Cars no longer coveted by young

New generation of consumers views autos as exhorbitant waste, not status symbol

by Yuri Kageyama

The Associated Press

To get around the city, Yutaka Makino hops on his skateboard or takes the trains. Does he dream of the day when he owns his own car? Not a chance.

Like many Japanese of his generation, the 28-year-old musician and part-time maintenance worker says owning a car is more trouble than it’s worth, especially in a congested city where monthly parking runs as much as ¥30,000 ($330), and gas costs about ¥100 a liter (about $3.50 a gallon).

That kind of thinking — which has been dubbed by automakers as “kuruma banare,” or “demotorization” — represents a U-turn from the thinking of earlier generations of Japanese who viewed cars as status symbols. The trend is worrying auto executives who fear the nation’s love affair with automobiles is coming to an end.

“Young people’s interest is shifting from cars to communication tools like personal computers, mobile phones and services,” said Yoichiro Ichimaru, who oversees domestic sales at Toyota.

The Japan Automobile Manufacturers Association predicts auto sales in Japan will fall to 4.86 million in 2009 — the first drop below 5 million in more than three decades. Sales for 2008 are expected to reach 5.11 million, the worst since 1980.

Vehicle sales peaked at 7.78 million vehicles in 1990 during the go-go “bubble” economy. After that imploded, however, Japan was mired in a decade-long slowdown that squelched consumer spending and sent car sales downhill. Surging gas prices, which have begun to subside only recently, also eroded sales.

“The changes in individuals’ values on cars came cumulatively over time,” said Nissan Chief Operating Officer Toshiyuki Shiga. “The change in young people’s attitude toward cars didn’t happen overnight. So we have to keep convincing them cars are great.”

To do that, Nissan Motor Co. has stocked dealerships with colorful accessories to appeal to Japanese women’s alleged penchant for “cute” things and signed major league star Ichiro to do splashy TV ads for one of its new models, among other efforts.

Toyota, the nation’s biggest car maker, has hosted test-drive events, taken part in fashion shows and even developed its own suburban shopping mall with a dealership to reach out to buyers.

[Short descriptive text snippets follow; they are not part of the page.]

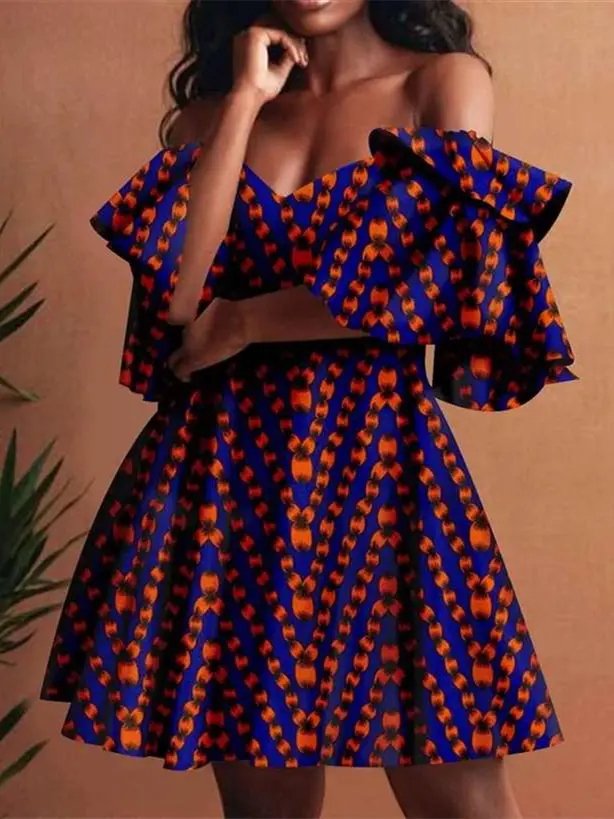 African Clothing for Women Off Shoulder High Waist Elegant Party Dresses Wdr84 - Image 13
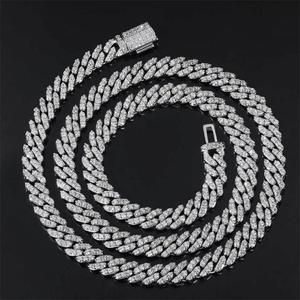 Wholesale 8mm Cuban <b>Chain</b> Flap Buckle Single Zircon Men's <b>Copper</b> Cuban <b>Chain</b> Necklace Bracelet - Product Image 6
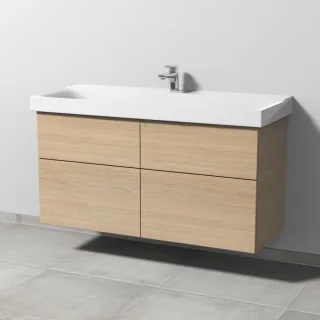Sanipa 3way Waschtischunterbau zu Geberit Xeno2 Waschtisch mit 4 Auszügen, Eiche-Nordic SM66448
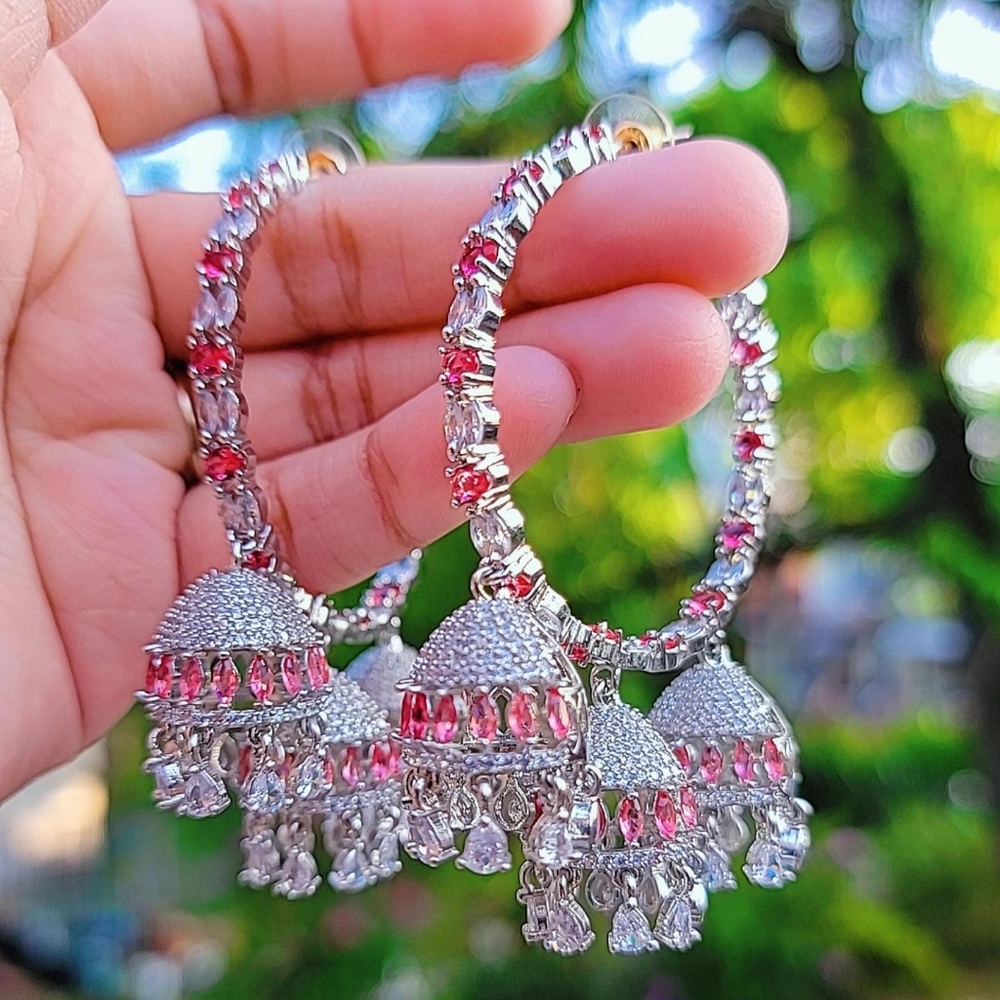NWT Indian Handmade Cz Diamond Earrings / Wine Red Jhumka Earrings / White gold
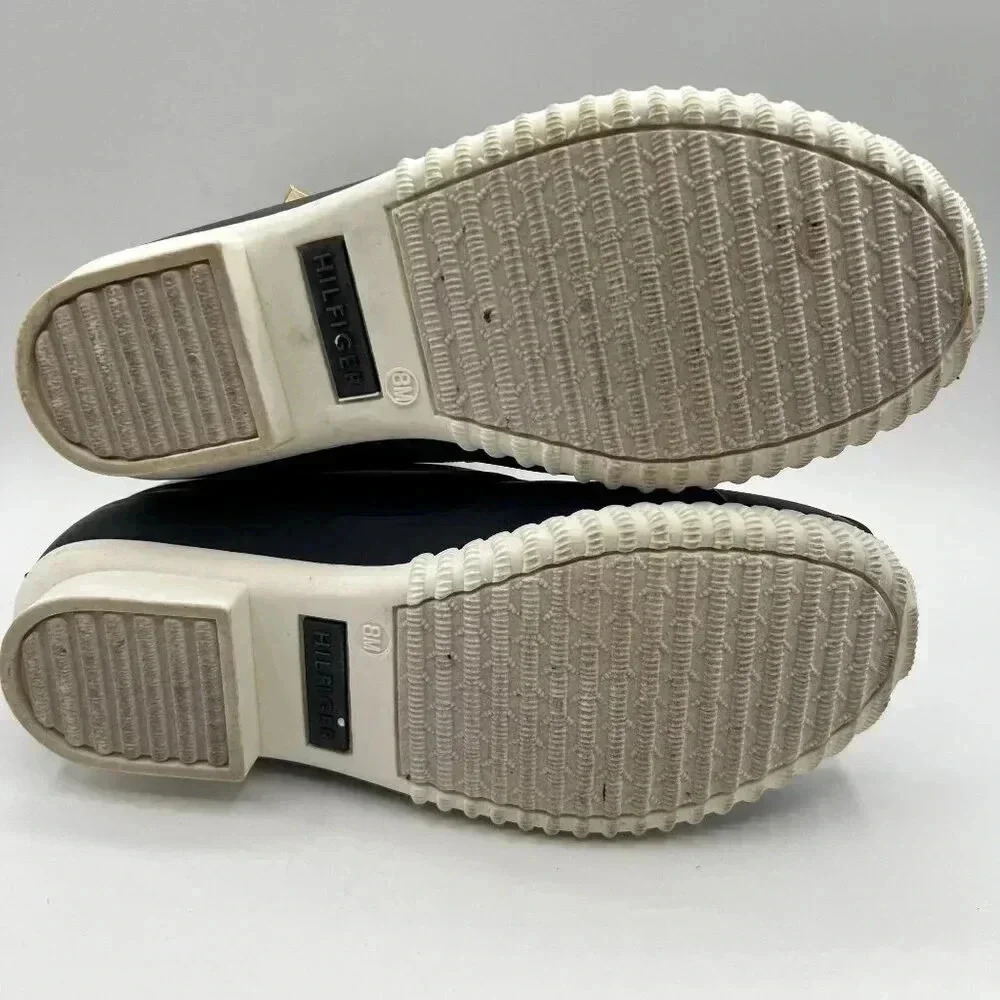 Tommy Hilfiger Womens 8 M Roana Zip Up Duck Booties Blue and white cozy classic - Picture 13 of 14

About half the autos produced in Japan are sold in Japan, while the other half are exported. But the U.S. market — where more profitable models like light trucks tend to be popular — is more lucrative.

Still, the disenchantment with cars is cause for concern. Americans, after all, are expected to start buying cars again — eventually — partly because of the inadequacy of mass transit there.

It’s a different story in Japanese cities, where streets are clogged but trains are efficient. The domestic market also is shrinking due to a drop in population.

Makino, the young man who plays what he calls “organic folk music,” is typical of the new breed that scoffs at the sportscar-idolizing culture of the older generation.

He and his friends see cars as nothing more than a tool, much like a vacuum cleaner, not a reflection of their identity, tastes or income level. Makino’s father own a car, but he has never owned one. And he doesn’t know a Honda Fit from a Toyota Vitz.

“I don’t believe that having more things enriches you,” Makino said in a recent interview at his apartment, sitting among shelves of wooden crates. “If you stay happy in your soul then you can be happy without money.”

Companies like Toyota and Honda Motor Co., along with electronics giants like Sony Corp. and Panasonic Corp., are the mainstays of the world’s second-largest economy, and a hollowing out of manufacturing would be lethal.

Manufacturing accounts for a fifth of Japan’s gross domestic product but 90 percent of its exports, and any serious faltering in that sector would have ripple effects throughout the country and likely further depress auto sales.

Unlike other industrialized nations, there is a lack of other powerful sectors to drive the economy, such as financials and services. Consumer spending makes up about 60 percent of GDP.

The damage caused by a declining auto industry would be devastating because so many jobs would be affected — not only at plants but as parts makers, distributors and other companies, including those that make electronics, batteries and other products for the industry.

Already, automakers here have shed thousands of jobs at plants that have been producing cars for overseas markets with a bigger thirst for autos. Toyota is projecting its first operating loss in 70 years.

Some dealers are taking extraordinary steps to attract domestic customers.

Motoharu Ishii has turned his Honda dealership into a special shop for dog owners. Bigger dogs can’t travel in Japanese trains, and so pet owners may be among the last holdouts in car ownership.

He helps them fit their vehicles with cages, offers discount coupons at dog runs, and has a fuzzy mat ready for visiting pets — in the same way some dealers prepare play areas for children.

“We want our customers to stay even a bit longer in our showroom,” he said, adding that although sales haven’t shot up he has managed to prevent drastic drops. “The last thing you want is a deserted showroom. If it looks busy, it makes it easier for people to drop by.”